During the markup on Wednesday, members introduced and discussed a range of amendments related to criminal justice reform, the racial wealth gap, federal regulators and their processes, rescheduling and the opioid epidemic. In total, there were six amendments, one by Chairman Brown, as well as Sens. Mike Crapo (R-ID), Bill Hagerty (R-TN), Mike Rounds (R-SD) and two by Sen. Raphael Warnock (D-GA). Sen. Brown’s amendment, which would make technical changes to the bill, was the only amendment to prevail on a 17-6 vote.

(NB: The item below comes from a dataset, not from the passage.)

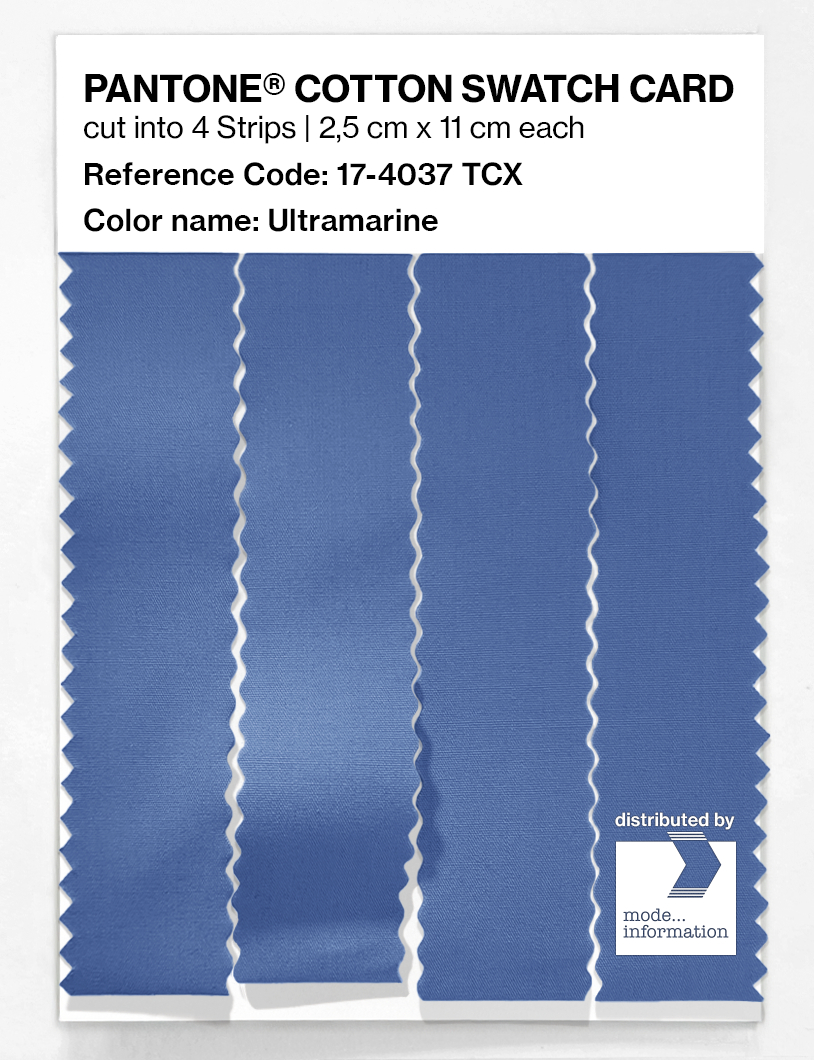 Artikelbild 3 des Artikels “PANTONE® COTTON SWATCH CARD 17-4037 TCX Ultramarine “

To begin the markup, Chair Brown said that propelling this legislation is a critical step in reversing the damage done by the war on drugs and clarified that the SAFER Banking Act would create a better financial system for small and medium-sized cannabis businesses that lack access to such traditional banking services. Sen. Daines, who served as the committee ranking member in place of Sen. Tim Scott (R-SC), who was in California preparing for the Republican presidential debate, shared that although he opposes legalization or decriminalization, he agreed to sponsor and support the SAFER Banking Act because it would fix the current banking system for cannabis businesses nationwide. After hearing remarks from Sens. Lummis, Catherine Cortez Masto (D-NV) and Sinema, the committee voted on the bill, and approved its passage to the Senate floor on a 14-9 vote. Senators voting in favor of the bill were Brown, Tester, Warren, Reed, Menendez (by proxy), Smith (by proxy), Warner, Fetterman, Cortez-Masto, Sinema, Van Hollen, Lummis, Cramer and Daines, and voting against the measure were Sens. Warnock, Scott (by proxy), Crapo, Tillis, Kennedy, Haggerty, Vance and Britt.

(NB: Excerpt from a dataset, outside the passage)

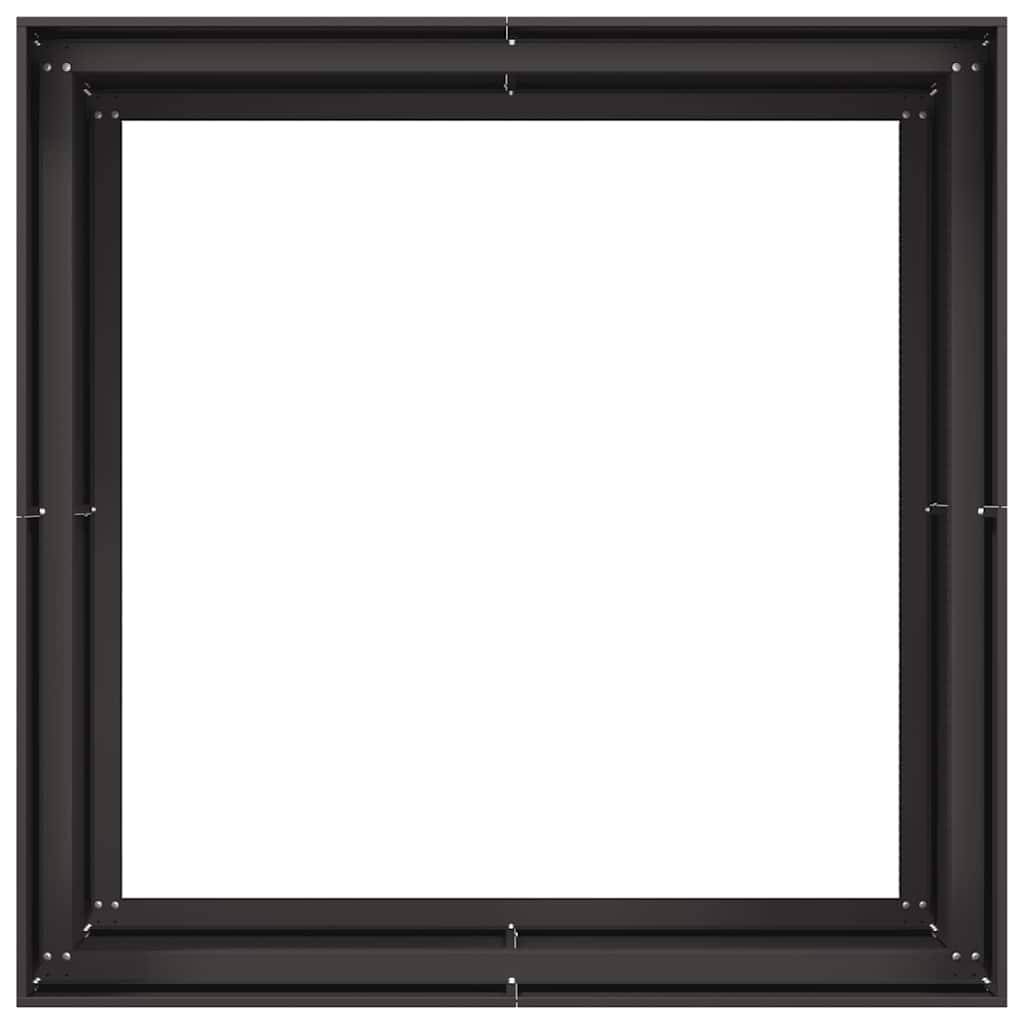 ComfortXL - Très Haut Potager Carré Acier Noir pour Jardin 100x100x80 cm – ComfortXL Outdoor Living - Image 5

After the vote, Sen. Jeff Merkley (D-OR) thanked Sen. Rand Paul (R-KY) and former Republican Sen. Cory Gardner (CO) for their early efforts and for bringing the legislation and issue to the chamber’s attention and concluded that he hopes to have a robust discussion with the full Senate chamber.
With the bill out of committee, it heads to the Senate floor for additional input, discussion and potentially a vote. Majority Leader Schumer has said he intends to bring the SAFER Banking Act to the floor “with all due speed” and noted that he is committed to attaching Rep. Dave Joyce’s (R-OH) Harnessing Opportunities by Pursuing Expungement (HOPE) Act and Rep. Brian Mast’s (R-FL) Gun Rights and Marijuana (GRAM) Act to the final legislation. Sen. Schumer also shared that such provisions would address the war on drugs, bolster social equity and criminal justice reform and protect Second Amendment rights for medical cannabis patients.
When the SAFER Banking Act will receive floor time remains unclear, but Leader Schumer has made numerous representations that he would like to see it done this year.